The German Academic Exchange Service (DAAD) points out the high priority of classroom teaching with regard to international exchange students given any potential energy shortages during the winter semester. Local events and personal interchange at our higher education institutions are seen as decisive for successful integration and studies in Germany.
‘After two years of the coronavirus pandemic, we cannot allow a general lockdown ‘due to cold’ to occur at the higher education institutions in the coming winter semester. Classroom teaching and the opportunity for personal interchange with fellow students, lecturers and researchers are exceptionally important, especially for international exchange students. We know from large volumes of feedback that integration and language acquisition succeed much better given direct interaction’, said DAAD President Professor Joybrato Mukherjee.
A general exclusion from lecture theatres, seminars and libraries this winter would have a particularly severe impact on the international exchange students.
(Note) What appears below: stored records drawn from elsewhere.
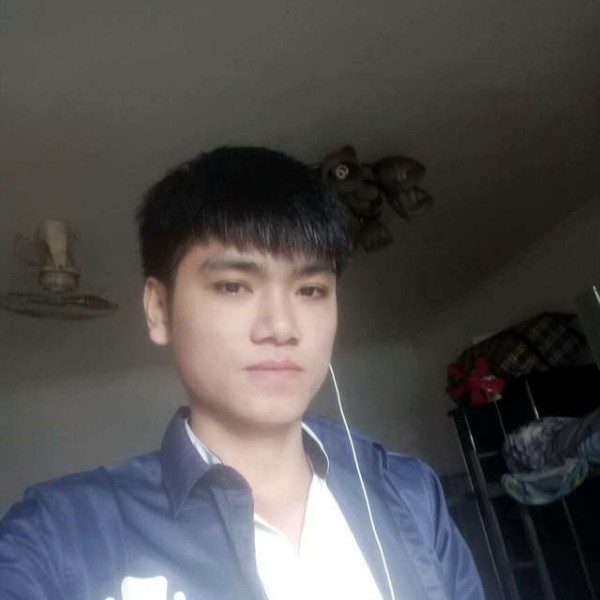 消失的记忆，的照片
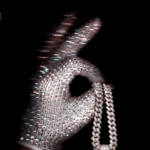 White House Embarrasses Itself By Trying To Be Draaaaaaaake!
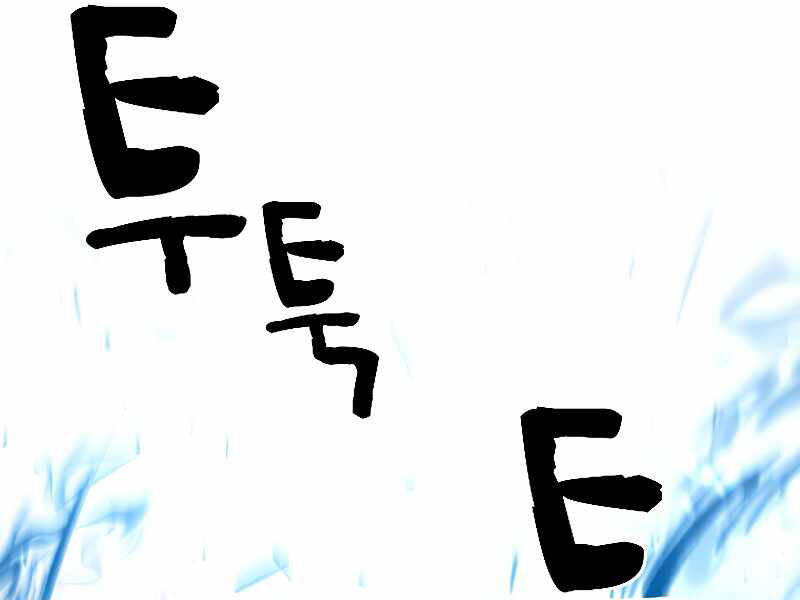 Thiên Tài Ma Pháp Sư Giấu Nghề chapter 19 - Upload bởi truyensieuhay.com
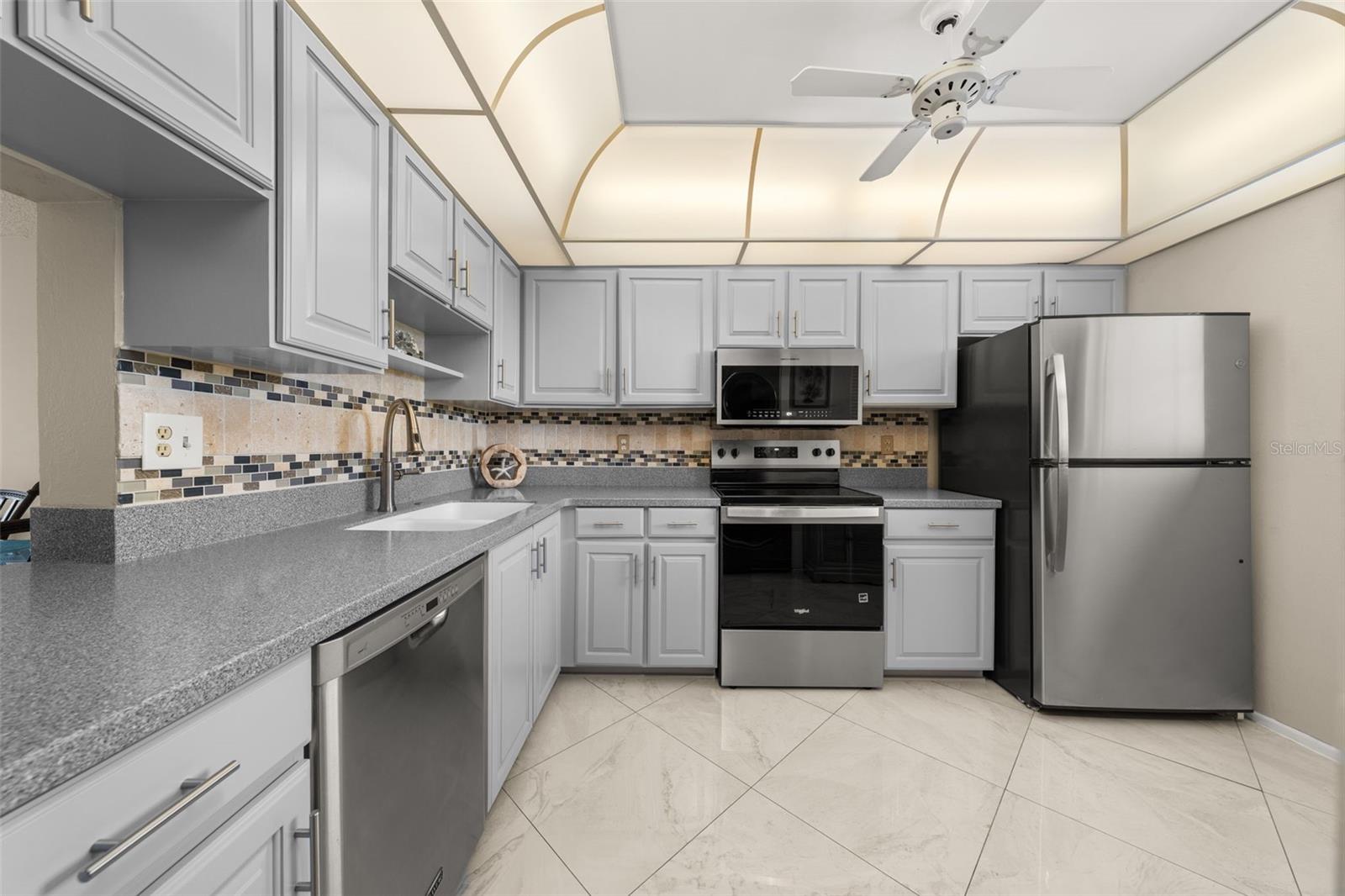 3620 IRONWOOD CIR #406O, BRADENTON, FL, 34209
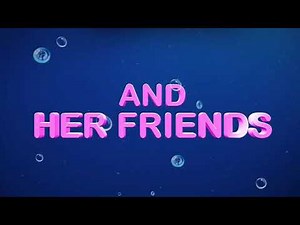 Fishtales 2 | Official Trailer | WowNow Entertainment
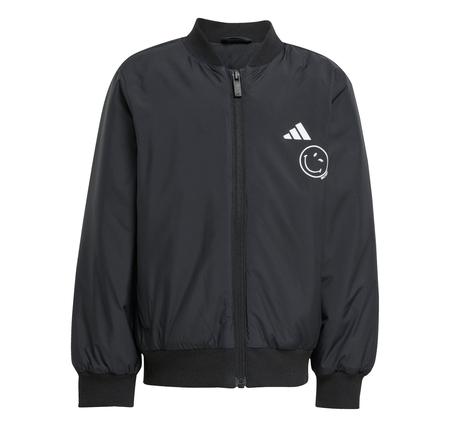 adidas Lk Smı Jacket Çocuk Ceket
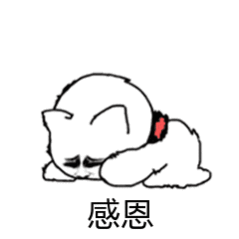示例图片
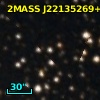 2MASS J22135269+5708495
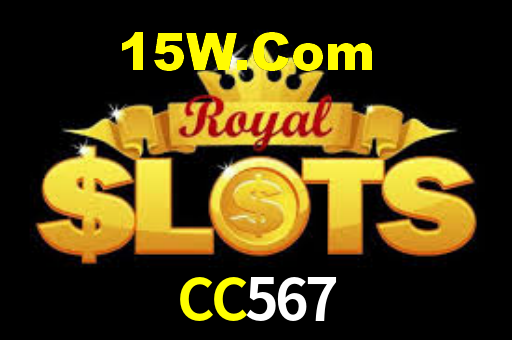 CC567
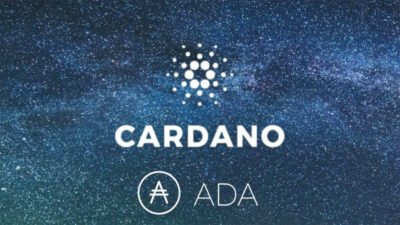 cardano1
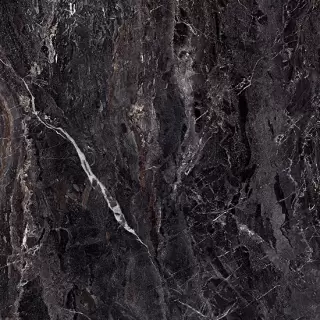 ALLURE OROBICO TOUCH PLUS 1200X2780Х6,5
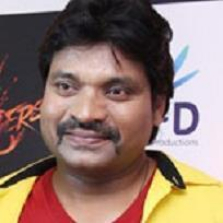 Mahesh Koli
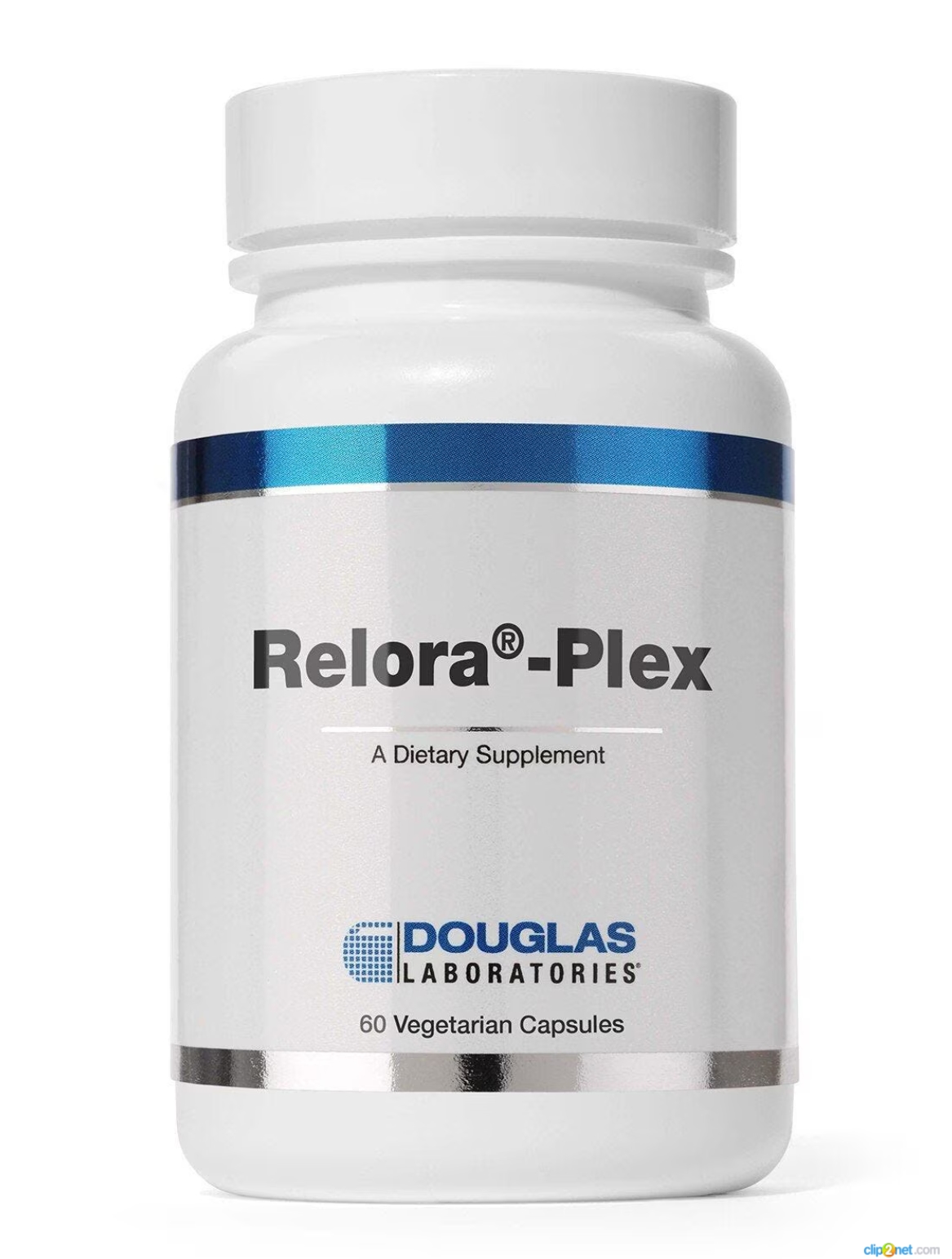 Relora ®-Plex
The success of their studies and their integration greatly benefit from a direct exchange of ideas at the host institution. In light of the shortage of specialists, it would also be in the best interests of the Federal Republic of Germany to provide good study conditions for these international exchange students, even in difficult times.
‘Our higher education and research institutions do of course have to save energy and exploit all reasonable possibilities to this end, given the massive increases in energy prices’, Mukherjee elaborated. But this should not result in a blanket cancellation of classroom teaching. ‘Despite the advances in digitisation, the recent years in which the coronavirus has proliferated have also revealed to us the major challenges faced by international exchange students when personal contact along with interpersonal and academic exchange have to be transferred to the digital domain at short notice’, continued Mukherjee. ‘Digital formats can meaningfully extend or augment classroom teaching, although in principle, study and instruction require personal attendance, even in the coming semester.’
It is against this background that the DAAD welcomes the fact that the Bundesnetzagentur (network access regulator) views the HEIs as ‘protected customers’ even in the event of gas shortages. Despite the extremely high energy prices, the DAAD expects politicians, particularly at Länder level, to ensure that higher education institutions have the finance to be able to provide heated classrooms for all students and teachers to create personal opportunities for engaging in learning and academic exchange.